In Pál Gábor’s elegant and understated Angi Vera, winner of more than a dozen awards internationally, an honest nurse who dares to criticize conditions in her hospital is chosen by the Party for political training. At the Party school, she metamorphoses from naïve young thing to alert Stalinist with an icy-cool understanding of the political environment. In a public self-criticism session, she admits having a love affair with a married teacher, costing him his position but gaining for herself a golden future in Party work.

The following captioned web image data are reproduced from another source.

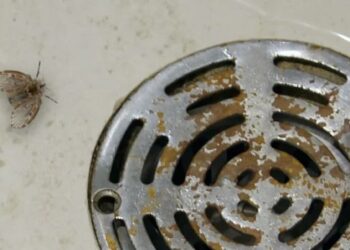 Vieze rioolvliegjes in huis? Met deze simpele truc raak je ze voorgoed kwijt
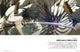 ���̾��ǡ�SCREEN �� vol.8�������ʤǴѤ�MAPPA��MAPPA 15th anniversary�ˡ����̵�ư�� THE GHOST IN THE SHELL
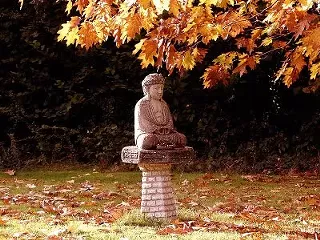 Image: Autumn Equinox 108 Sun Salutations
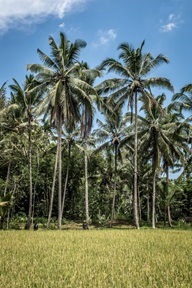 palm trees, indonesia, agriculture, land, class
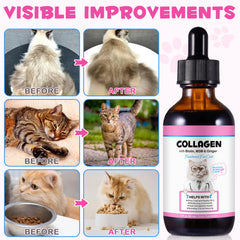 Gouttes liquides Onznoz Collagen for Cats en gros plan, facilite dosage précis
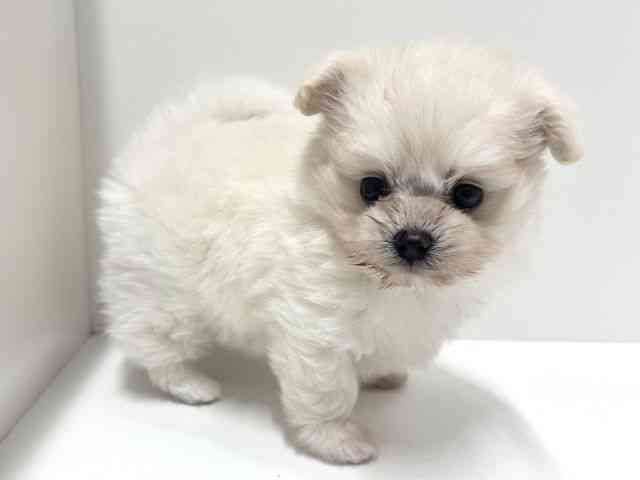 愛知県のポメプー(ポメラニアン×プードル) (ひごペットフレンドリーららぽーと名古屋みなとアクルス店/2025年8月26日生まれ/女の子/ホワイト)の子犬の3枚目の画像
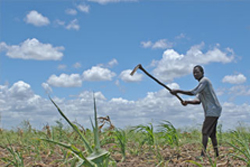 Issues - Food security Issues - Food security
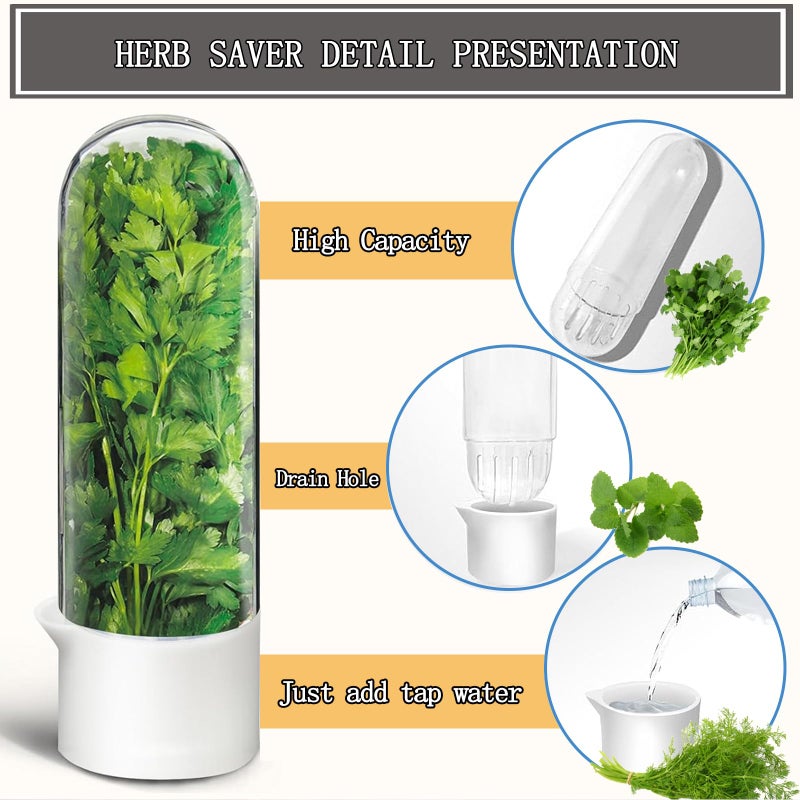 Rkssws Herb Saver for Refrigerator, Cilantro Container for Fridge, Fresh Herbs Lettuce Keeper for Refrigerator Parsley Mint Leaves Fresh Herb Keeper, Refrigerato Storage for Fresh for 2-3 Weeks - Image 5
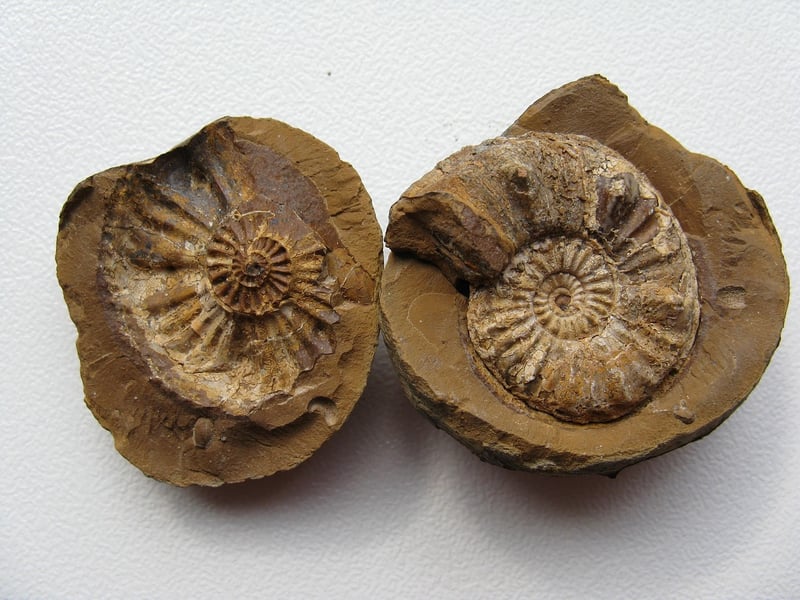 Burgess Shale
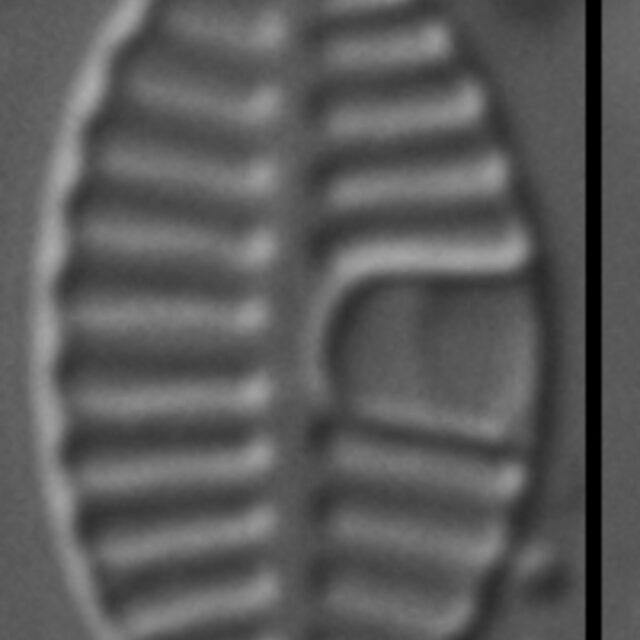 Planothidium rostratoholarcticum LM2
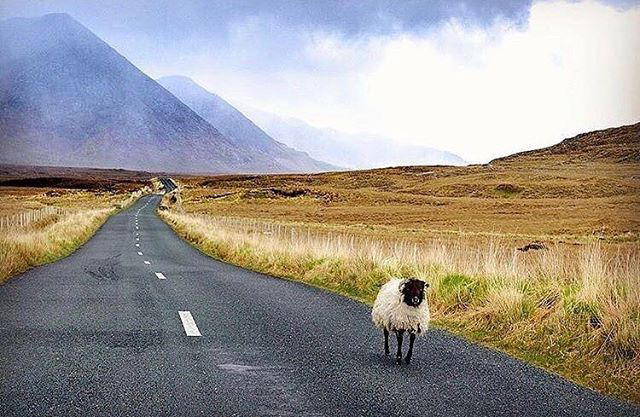 Galway Ireland sheep walking down road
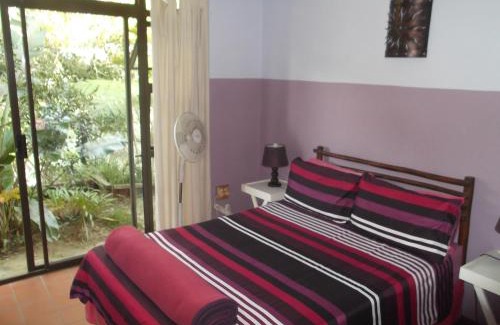 Port St Johns Hostel | Jungle Monkey Backpackers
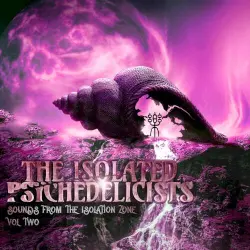 Sounds From the Isolation Zone Vol.2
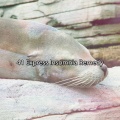 Newborn Baby Lullabies - Duvet Bliss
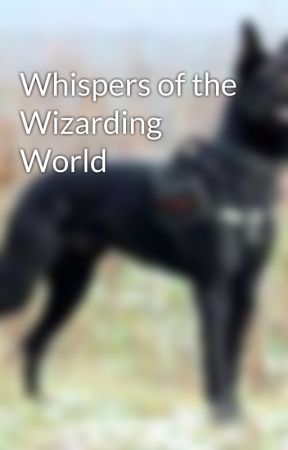 Whispers of the Wizarding World by FanfictionMe1998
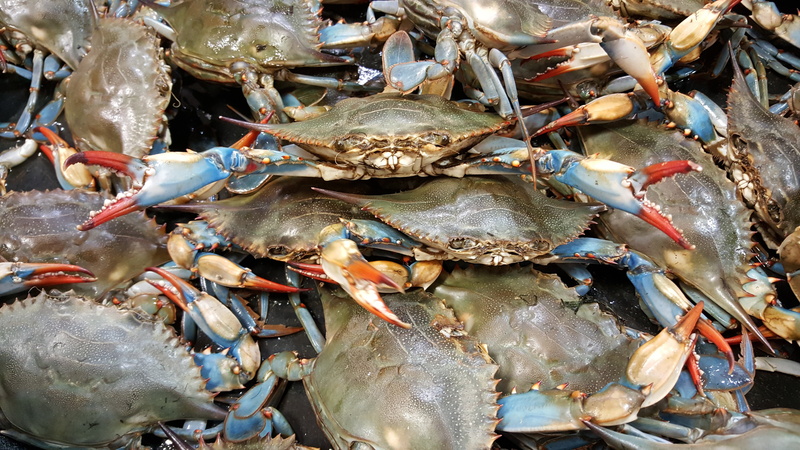 raw food, prawn, sale, shell, large group of animals, lot, 5K, animal wildlife, fish market, wellbeing, full frame, shellfish, live, food, retail, close-up
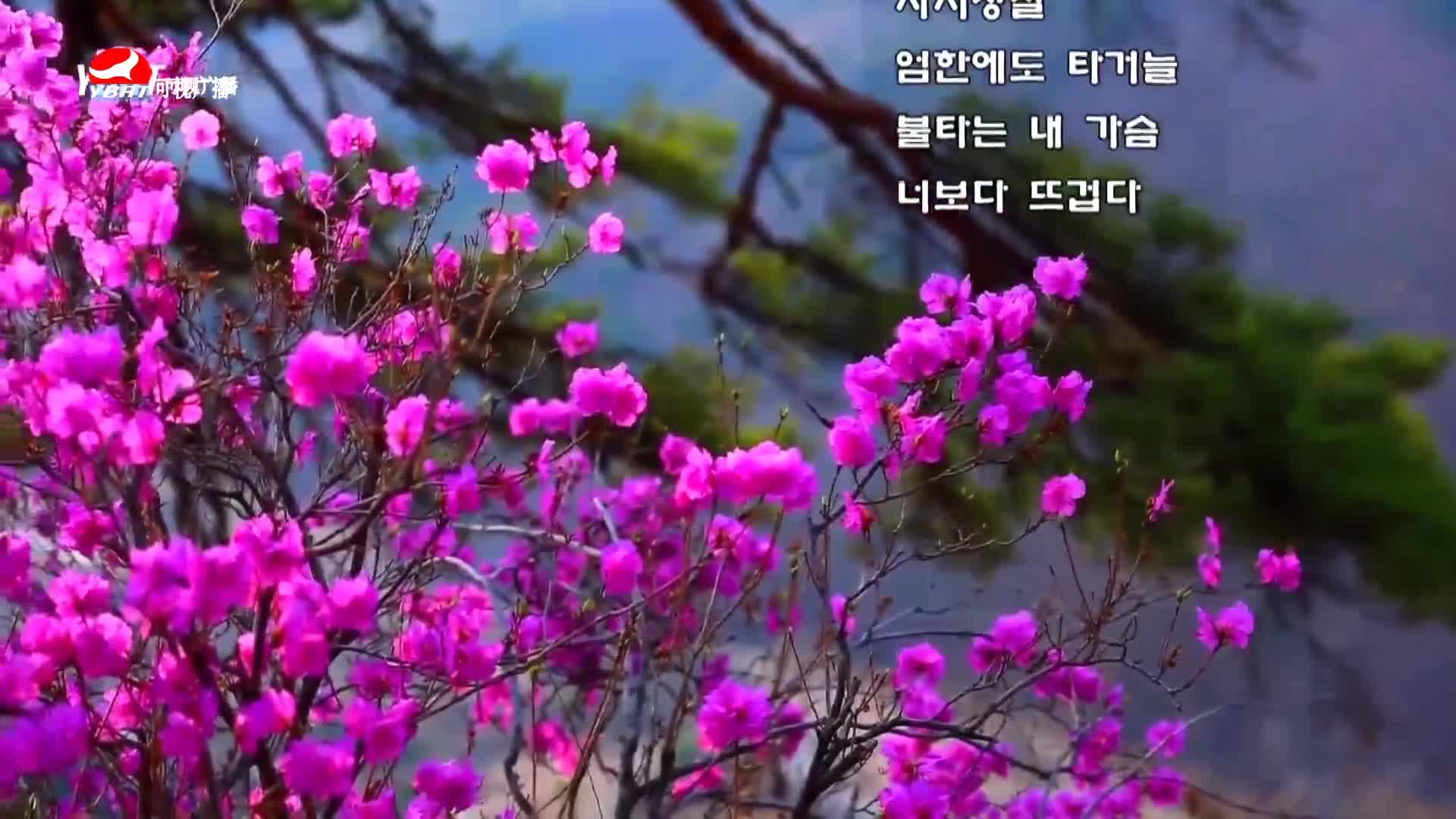살롱토크쇼2020-06-10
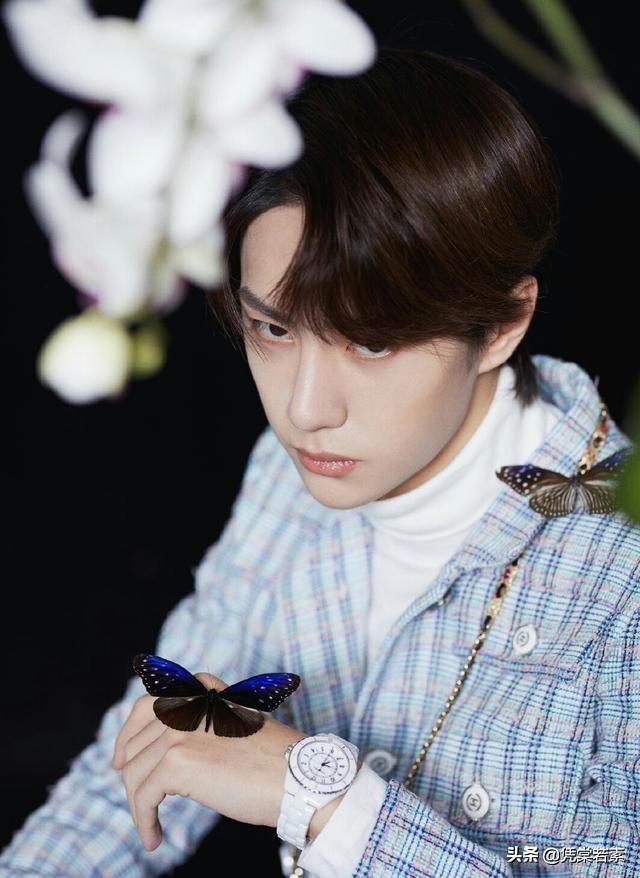 反射弧什么梗，说你反射弧那么长什么意思（王一博，反射弧有点长）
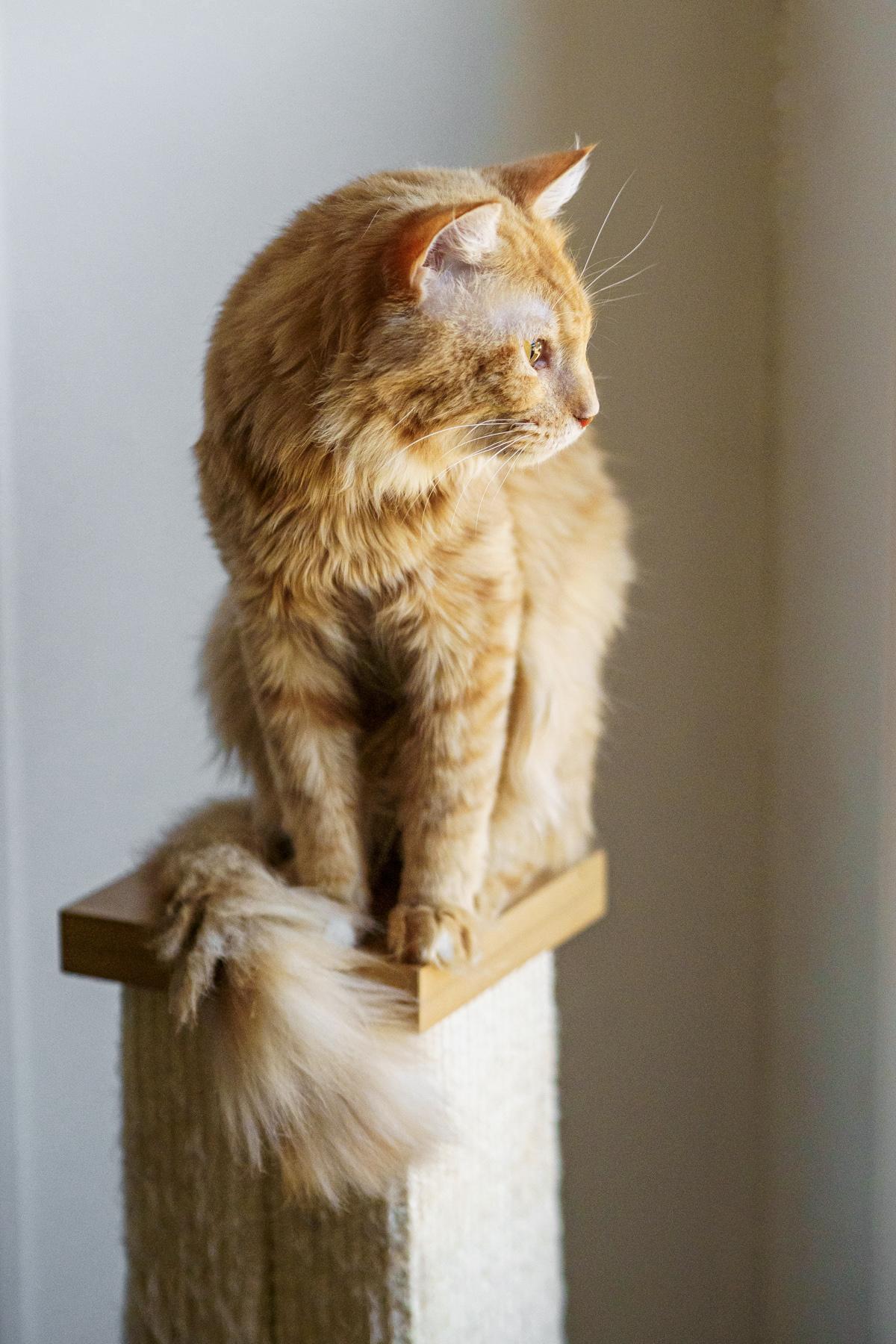 Enlarge Frankie, a Adopted mixed breed in Marble Falls, TX image 2/3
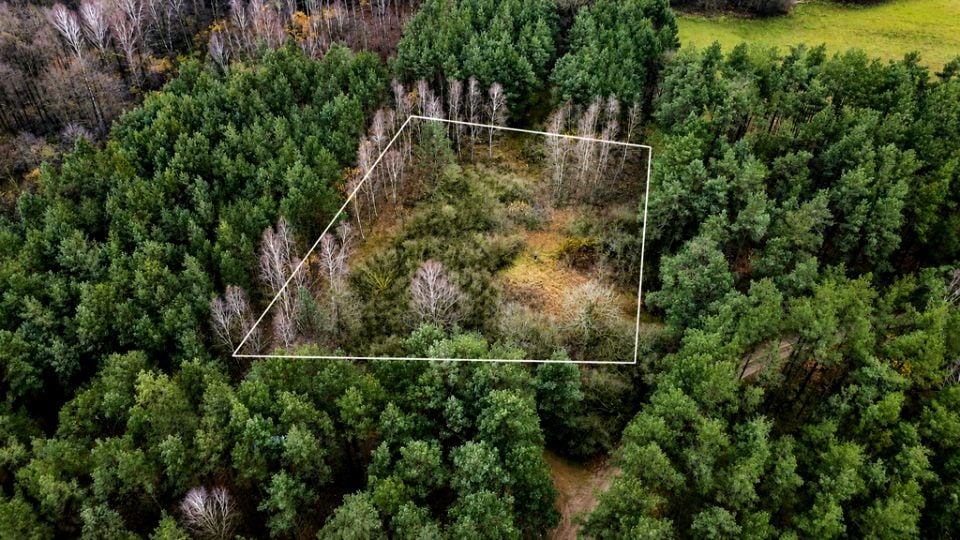 Działka Rolno-Budowlana Orłowo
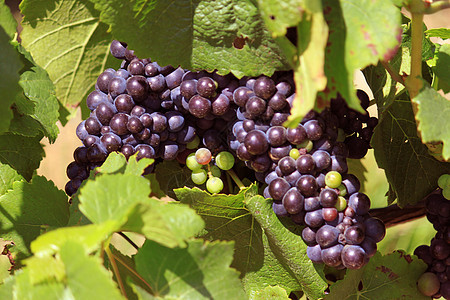 一群葡萄栽培白色葡萄园贸易葡萄叶水果汁宏观藤蔓农业食物图片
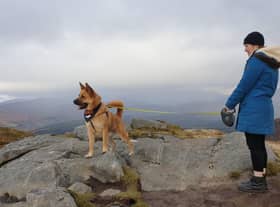 Dog walkers have been urged to be more responsible in order to protect local wildlife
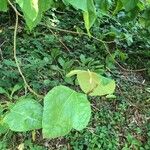 Populus × generosa Leaf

These films opened the floodgates. By the mid-eighties, it seemed that every filmmaker had a story about Stalinism, and, encouraged by the regime’s stated openness in confronting the misdeeds of the early fifties, they spilled their stories onto the screen. Good intentions do not always make good art, and some of the resulting films are not of high quality. Ironically, just when the Soviet cinema began at last to peel back the layers of restriction that had so long buried the past, Hungarian moviegoers considered Stalinism old hat.
Not so, or not quite so, with the national tragedy of 1956. The thirtieth anniversary of the uprising brought out many public discussions characterized by a cautious honesty (the uprising, for example, cannot be referred to in the public media as a “revolution,” but on the other hand, it is no longer mandatory that it be called a “counterrevolution”). Filmmakers continue to treat the subject with delicacy,37 as they have since as early as 1957, when György Révész’s At Midnight (Éjfélkor) presented the dilemma of people having to decide between emigrating and staying in the homeland. Cinematic treatments, though few, have become increasingly bold, and recent benchmarks of candor can be seen in Mészáros’s Diary for My Loves and Péter Gárdos’s Whooping Cough (1986).
Whooping Cough is a personal story told from the viewpoint of a ten-year-old boy (Gárdos, who both directed and co-scripted the film, was eight in 1956). The boy and his younger sister are enjoying a holiday from school and do not quite comprehend their elders’ anxiety. Fighting rages outside, and the adults’ increasingly frantic behavior appears nonsensical and even funny. To the children, the atmosphere is one of unexpected freedom in which they can get away with all kinds of mischief. They escape from the house and, together with several other children, make their way to the outskirts of the city. There they find an abandoned handcar and figure out how to move it along the railroad tracks. Suddenly they are caught in a crossfire; they drop to the floor as the handcar rolls on, eventually passing out of the bullets’ path. But one of the children has been killed, and all of them have had the reality of the fighting impressed upon them forever.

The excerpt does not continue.